Marked Upregulations of Survivin and Aurora-B Kinase Are Associated with Disease Progression in the Myelodysplastic Syndromes,

Abstract 3823

Myelodysplastic syndromes (MDS) are a heterogeneous group of clonal hematopoietic stem cell disorders characterized by ineffctive hematopoiesis. Survivin belongs to the inhibitors of apoptosis (IAP) family and inhibits apoptosis. Besides its role as IAP, Survivin appears to function as a subunit of the chromosomal passenger complex (CPC) for regulating mitosis with other CPC proteins including Aurora-B. As the CPC, Survivin and Aurora-B play an important role in the maintenance of a stable genome.

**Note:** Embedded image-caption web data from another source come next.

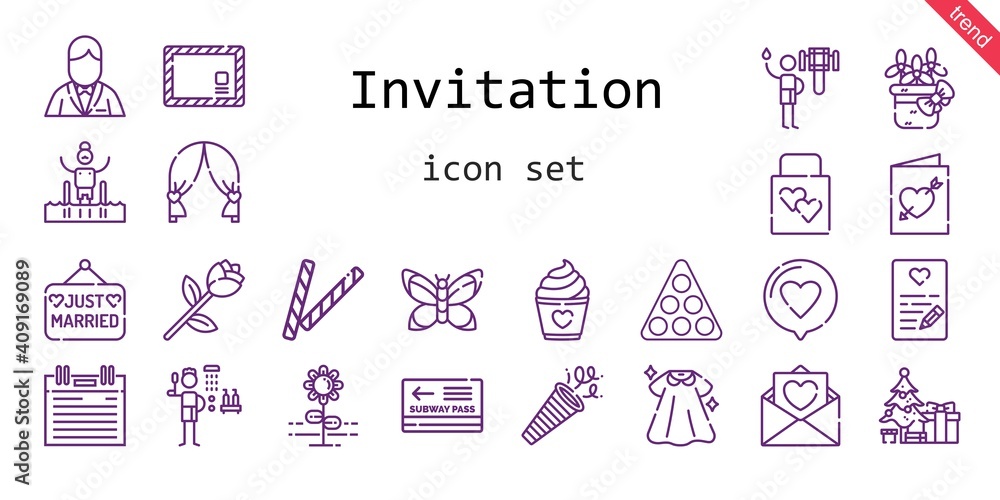 invitation icon set. line icon style. invitation related icons such as love, shower, dress, confetti, groom, just married, pass, wedding gift, christmas tree, pool, agenda, decorative, flower invitation icon set. line icon style. invitation related icons such as love, shower, dress, confetti, groom, just married, pass, wedding gift, christmas tree, pool, agenda, decorative, flower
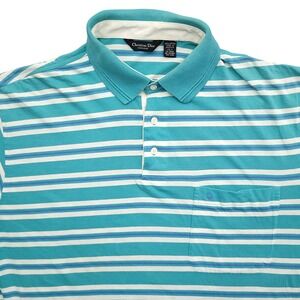 Christian Dior Polo Shirt Mens Large Blue Stripe Monsieur Vintage 90s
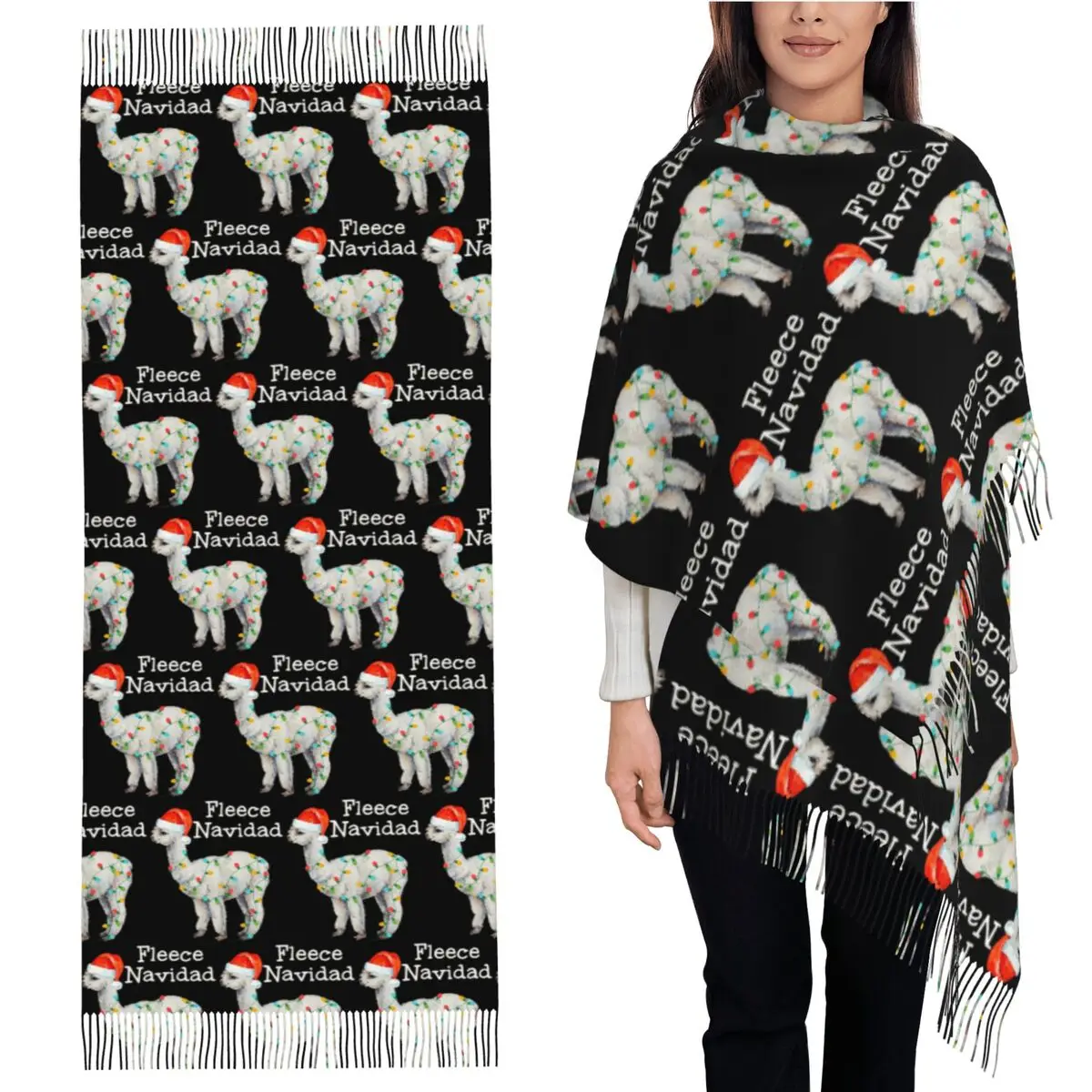 

Fleece Feliz Navidad Llama Christmas Matching Family Scarf Tassel Scarves Women Shawls and Wraps Large Fall Winter Shawl Wrap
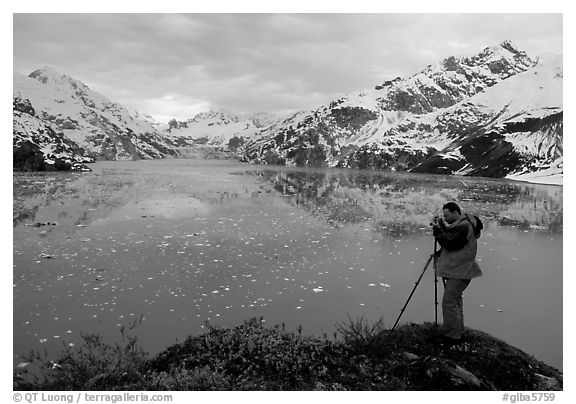 Photographing John Hopkins Inlet. Glacier Bay National Park, Alaska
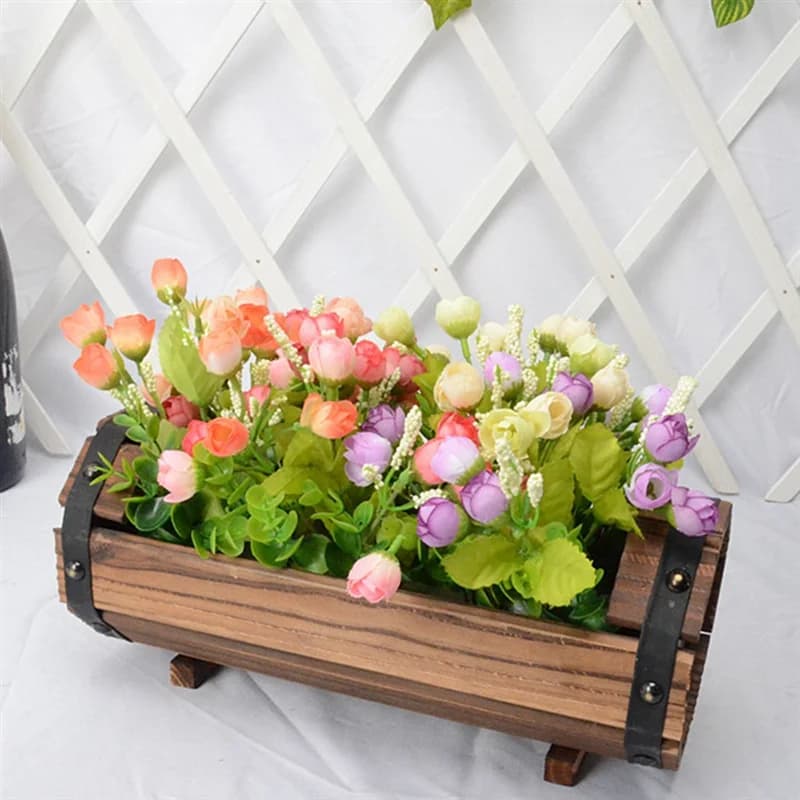 Y51A-Pots de fleurs en bois, décoration de mariage, boîtes de fleurs en bois antiseptique carbonisé,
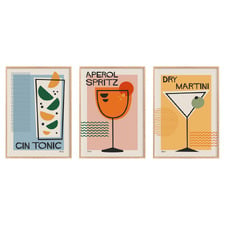 3 Piece Aperol Spritz Framed Paper Print Wall Art Set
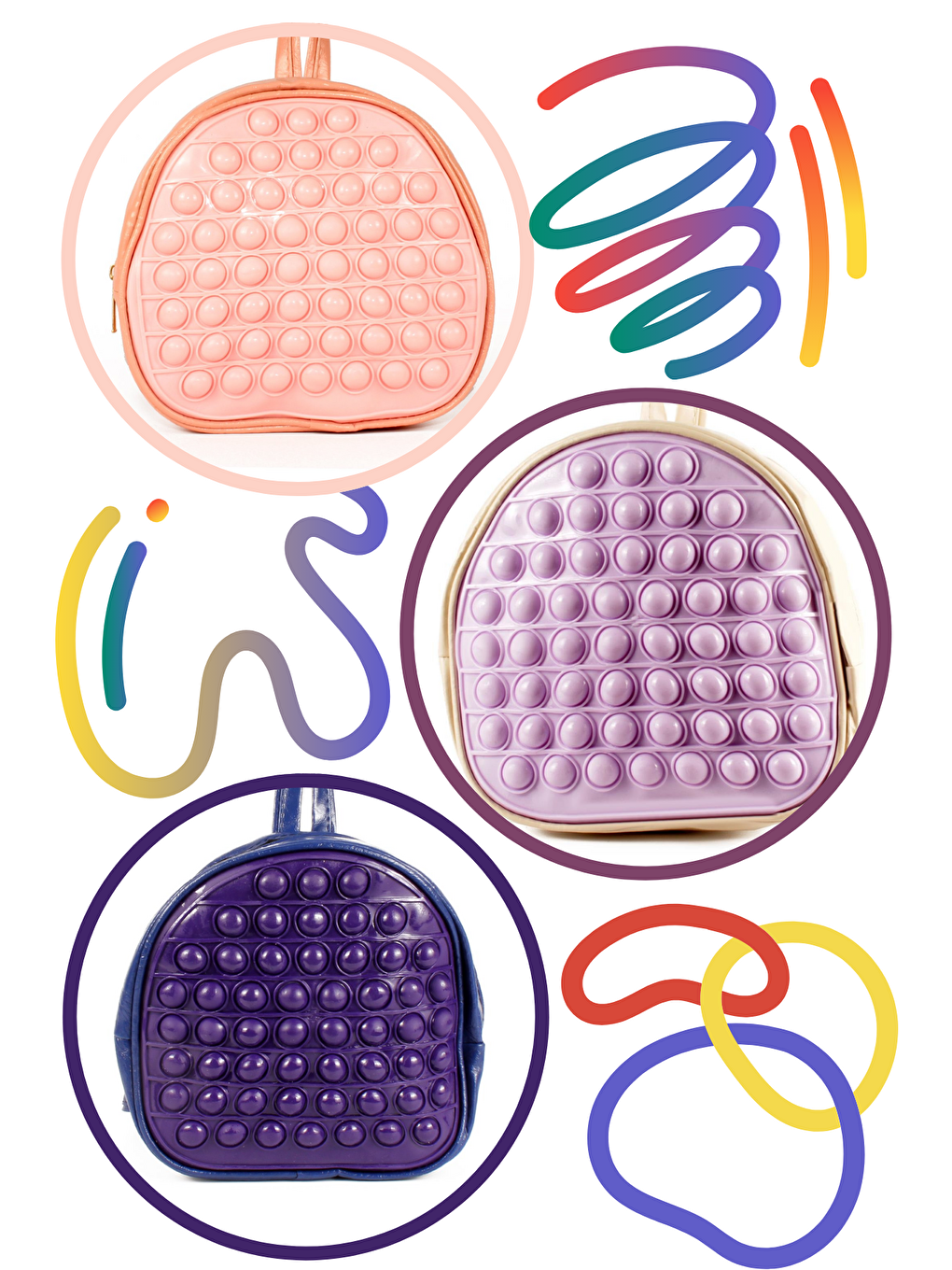 Karışık Unisex Çocuk 3'lü Çanta Set-Pop It Bubble Oyuncak Kreş Anaokulu Sırt Çantası 20x20cm 54 Baloncuklu-4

Until now, there has been no report to examine whether expression of Survivin and Aurora-B kinase may be increased in CD34(+) cells prepared from the patients with MDS during disease progression. To investigate the contribution of Survivin and Aurora-B to the progression and prognosis of MDS, we evaluated the expression levels of these two genes in CD34(+) cells prepared from 57 patients with MDS and 50 patients with de novo AML using real-time quantitative polymerase chain reaction. The degree of Survivin and Aurora-B expression was highly correlated with the type of MDS, was much higher in RAEB-1, RAEB-2 and secondary AML following MDS (s-AML) compared with normal control, and increased during disease progression. Expression levels of both Survivin and Aurora-B were significantly correlated with International Prognostic Scoring System (IPSS). Furthermore, the amount of Aurora-B kinase was significantly correlated with Survivin expression in MDS and s-AML, but not in de novo AML. Interestingly, the levels of Survivin and Aurora-B were remarkably higher in patients with s-AML when compared with de novo AML. We demonstrated for the first time that high levels of Survivin and Aurora-B kinase expression are distinctive molecular feature of high-risk MDS and s-AML. Marked up-regulations of Survivin and Aurora-B Kinase may contribute to genetic instability and disease progression of MDS.